Ribbon was white with central wide yellow vertical stripe and two thinner black and red stripes at both edges.
Approximate number of awards: 50,000 (combatant medal) and 6,000 (non-combatant medal).
Numerous battle clasps made of brass were authorized for private purchase by veterans of China campaign upon presentation of documents certifying participation in corresponding battles.

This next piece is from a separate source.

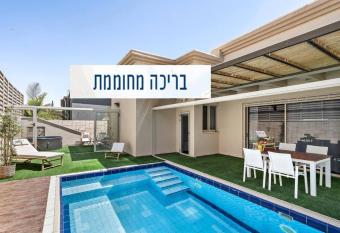 Perfect Villa has rooms with a private hot tub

Nevertheless violations of the above-mentioned regulations are widely known. There’s photographic evidence of wearing of battle clasps on ribbon of medals for non-combatants, wearing of specific battle clasps by unauthorized military personnel, e.g. illegal wearing of “Peking” bar that was initially introduced for 251 soldiers only from III Seebataillon who served under Leutnant Graf von Soden at the siege of the foreign legations in Peking.
Totally 13 battle clasps were instituted officially: FOUPHING, HOPHU, HUOLU, KALGAN, KAUMI, KITCHOU, LIANG-HSIANG-HSIEN, PEITANG-FORTS, PEKING, SEYMOURE-EXPEDITION, TAKU, TIENTSIN, TSEKINGKWAN.
As a rule wearing of a single clasp is quite rare since most medals are accompanied with several bars.
At least 16 unofficially manufactured clasps are known: 1900, 1900-1901, 1900-01, 1901, CHOUCHOUANG, KUAN-TSCHANG, LANG-FANG, NANKUANTO, NAN-HUNG-MEN, OSTASIA EXPED KPS, PEITANG FORTS (spelling variant of an official clasp), PEITZANG, TONGKU, TSCHÖNGLING, TSUHANG, TSUHANG-TSCHÖNGLING.
Due to a number of manufacturers these unofficial clasps differed in script used, height and size of letters as well as in distance between letters. Some bars were even privately engraved in fine calligraphic italic letters.
Two different attachment methods existed: slip-on and by prongs of various types.